For the sake of convenience, let $\phi = \frac{1}{\varphi}$.

Part 2: The Exploit

Now that we have determined the Nash Equilibrium for the original game, we will now consider Spears Robot’s strategy regarding the leak.

Optimal $d$

We are told that Spears can can choose a value $d$; they will then be alerted whether their opponent’s throw is above or below $d$.

Intuitively, Spears will choose $d^* = \phi$ in order to maximize the information gained.¹

Spears Robot’s Strategy

Again, we can let $x$ be the value of Spears Robot’s throw. Let $y$ be the value of Java’s throw. If $y < d$, Spears receives a FALSE signal; if $y > d$, Spears receives a TRUE signal.

FALSE

If the signal returns FALSE, Spears knows that their opponent will redraw and score in $\left[0,1\right]$. This means that Spears will set their threshold, $t_{s}$ to maximize the expected value. Obviously, $t_{s}=\frac{1}{2}$ maximizes the EV.

TRUE

If the signal returns TRUE, Spears knows their opponent will not redraw and will score in $\left[\phi, 1\right]$.

\[CDF = \begin{cases} 0 & 0 \le y \le \phi \\ \frac{y - \phi}{1 - \phi} & \phi \le y \le 1 \end{cases}\]

If Spears redraws:

\[\begin{aligned} W_{redraw} &= \int_{0}^{\phi} 0 \ dy + \int_{\phi}^{1}\frac{1 - y}{1 - \phi} dy \\ &= 0 + \frac{1}{1 - \phi} \int_{\phi}^{1} (1-y) \ dy\\ &= \frac{1}{1 - \phi} \left[\left(1 - \frac{1}{2}\right)- \left(\phi - \frac{\phi^2}{2}\right)\right] \\ &= \left(\frac{1}{1 - \phi}\right) \left(\frac{1}{2} - \phi + \frac{1}{2}\phi^2\right)\\ &= \frac{1 - \phi}{2} \end{aligned}\]

If Spears keeps:

\[\begin{aligned} W_{keep} &= \frac{t - \phi}{1 - \phi} \end{aligned}\]

We can now apply the indifference principle and solve for $t_{s}$.

\[\begin{aligned} \frac{1 - \phi}{2} &= \frac{t - \phi}{1 - \phi} \\ t - \phi &= \frac{\left(1 - \phi\right)^2}{2} \\ t &= \phi + \frac{1 - 2 \phi + \phi^2}{2}\\ \end{aligned}\]

Simplifying is annoying, but eventually we find that $t_{s} = 1 - \frac{\phi}{2} \approx 0.691$ as the optimal threshold.

Figure 1: Monte Carlo simulation of both cases (Spears Robot vs.
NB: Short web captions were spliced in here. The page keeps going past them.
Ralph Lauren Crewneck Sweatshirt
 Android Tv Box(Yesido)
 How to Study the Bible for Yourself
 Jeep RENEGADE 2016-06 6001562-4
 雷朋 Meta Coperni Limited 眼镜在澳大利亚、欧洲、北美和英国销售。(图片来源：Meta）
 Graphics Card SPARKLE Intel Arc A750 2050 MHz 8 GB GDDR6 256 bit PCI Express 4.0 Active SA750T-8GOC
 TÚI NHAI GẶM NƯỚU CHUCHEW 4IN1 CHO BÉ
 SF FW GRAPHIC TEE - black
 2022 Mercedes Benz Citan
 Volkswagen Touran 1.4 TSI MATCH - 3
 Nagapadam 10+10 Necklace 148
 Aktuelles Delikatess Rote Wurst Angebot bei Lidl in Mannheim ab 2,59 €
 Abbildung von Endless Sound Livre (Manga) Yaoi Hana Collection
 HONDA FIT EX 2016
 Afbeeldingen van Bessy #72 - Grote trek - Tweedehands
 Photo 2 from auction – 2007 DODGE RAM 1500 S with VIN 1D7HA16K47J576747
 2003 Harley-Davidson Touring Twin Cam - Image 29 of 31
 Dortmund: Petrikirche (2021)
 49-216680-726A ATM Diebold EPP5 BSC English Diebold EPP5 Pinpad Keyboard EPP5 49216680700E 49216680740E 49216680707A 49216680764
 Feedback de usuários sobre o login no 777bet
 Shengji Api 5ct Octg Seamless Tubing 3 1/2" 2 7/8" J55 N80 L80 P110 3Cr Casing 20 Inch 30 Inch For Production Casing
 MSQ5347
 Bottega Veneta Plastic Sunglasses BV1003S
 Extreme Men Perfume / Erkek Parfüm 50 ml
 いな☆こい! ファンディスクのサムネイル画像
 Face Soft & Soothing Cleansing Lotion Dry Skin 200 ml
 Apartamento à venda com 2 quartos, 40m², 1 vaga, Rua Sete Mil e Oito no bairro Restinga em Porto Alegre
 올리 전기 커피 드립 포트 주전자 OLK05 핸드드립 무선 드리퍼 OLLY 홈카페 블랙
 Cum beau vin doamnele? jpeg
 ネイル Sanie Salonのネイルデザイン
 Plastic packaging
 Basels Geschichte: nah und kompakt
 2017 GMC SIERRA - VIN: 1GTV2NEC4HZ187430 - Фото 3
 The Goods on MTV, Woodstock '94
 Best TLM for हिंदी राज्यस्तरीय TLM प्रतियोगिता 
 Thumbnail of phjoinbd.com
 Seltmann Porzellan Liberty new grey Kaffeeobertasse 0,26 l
Standard Nash Equilibrium).

The results of a Monte Carlo simulation are above. The red and green maxima are located at approximately $0.5$ and $0.691$, respectively, verifying the calculations.

Part 3: Java-lin’s Counter

Java-lin’s Strategy

After figuring out that Spears is cheating, Java can optimize its strategy. Again, we let $y$ be the value of Java’s throw and use the same signals.

FALSE

If the signal is FALSE, then Spears will play to maximize expected value. However, since this is a deviation from the Nash Equilibrium, it is punishable if Java chooses an appropriate $t_{j}$.

Luckily, we have already calculated the winning probabilities in Part 1—all there is to do is substitute $t$.

First, we consider the case where Java redraws.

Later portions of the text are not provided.